Just When You Think It Can't Get Any Stupider

In this new kind of war, we must be willing to question the enemy when we pick them up on the battlefield. (Applause.) We have captured people like Khalid Sheikh Mohammed, who our intelligence community thinks was the mastermind of the September the 11th attacks. When we captured him, I said to the Central Intelligence Agency, why don't we find out what he knows in order to be able to protect America from another attack.

--George W. Bush, October 28, 2006

CIA Station, Islamabad, Pakistan. A CIA AGENT enters in a rush.

CIA AGENT: We captured Khalid Sheikh Mohammed!

CIA COMMANDER: That's great news. Now we must do what we've done with all captured enemies in 230 years of American history: refuse to question him.

CIA AGENT: Sir, permission to give Khalid Sheikh Mohammed a footrub? As has been done for all captured enemies in American history?

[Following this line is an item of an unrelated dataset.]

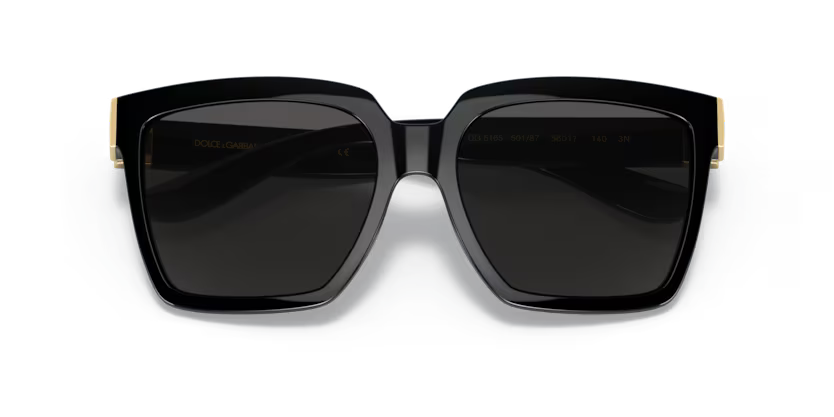 DOLCE & GABBANA 0DG6165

CIA COMMANDER: Permission granted, son! Also, if he mentions any upcoming attacks on America, put in your specially-designed CIA earplugs so you don't hear anything!

UNDERLING enters.

UNDERLING: Sir! The president has suggested that we find out what Khalid Sheikh Mohammed knows!

CIA COMMANDER: I don't understand. You mean -- the president has suggested that rather than actively making sure we don't learn anything from high-level enemies when we capture them, we should actually try to find out what they know?

UNDERLING: Yes sir! He says this is a new kind of war!

CIA COMMANDER: Dear god, that's brilliant! Only a maverick like our president could have conceived of such a bold scheme!